2012-10-03 08:37:14

Accord Lebanon: an international review of peace initiatives


(Vatican Radio) Lebanon's Christians, Muslims and Druze from across the political and cultural spectrum put aside their differences in receiving Pope Benedict XVI when he visited Lebanon last month. But will the temporary truce hold?

The U.K. based peace and reconciliation think tank, Conciliation Resources is calling for a review of peace initiatives in Lebanon. Bordering on Syria and Israel, the country has repeatedly been drawn into regional conflicts and is still recovering from 17 years of a civil war which formally ended with the Taif Agreement in 1989. Recent clashes in the northern Lebanese city of Tripoli testify as to just how easily a conflict like the one now in Syria can have repercussions on its smaller neighbour.

Conciliation Resources focuses on seven conflict-affected regions around the world, taking an in-depth look at specific conflict and peace-building themes through their “Accord” serial publications.

The latest report in the Accord series, “Reconciliation, reform and resilience: positive peace for Lebanon” suggests a “fundamentally different approach is needed to transform negative and precarious stability in Lebanon into positive and resilient peace.” A wide range of representatives from different sectors of Lebanese society plus experts from outside the country contributed to the report.
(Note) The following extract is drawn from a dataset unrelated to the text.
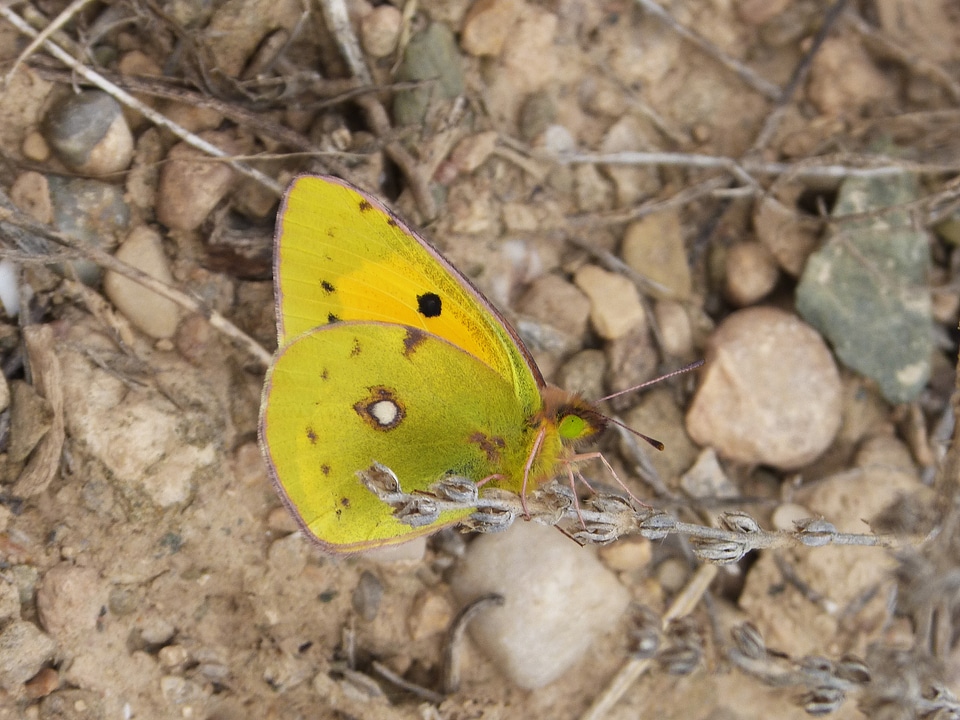 Macro unusual rare butterfly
Accord editor Alexander Ramsbotham says most of the Accord projects are more than a year and a half in the making, and information for its publication on Lebanon was gathered before the upsurge of violence in Lebanon related to the on-going Syrian conflict.

Researchers however, he says, found that since the Taif Agreement, the nation “has been very much stagnated…and the peace process hasn’t really progressed.”

Ramsbotham told Vatican Radio’s Tracey McClure that the report offered the opportunity to pose questions like “how is the peace process going? What’s been working well; what’s been working badly? Are there experiences from Lebanon which could suggest a way forward that would enable or facilitate progress?”

The report offers important messages such as ‘the Lebanese are responsible and capable actors in determining a peaceful future for their country’ and ‘domestic priorities should include reconciliation and political reform.’

But, Ramsbotham notes that researchers found that one of the biggest challenges to any sustainable peace in Lebanon is what they call the country’s “collective amnesia” regarding the past.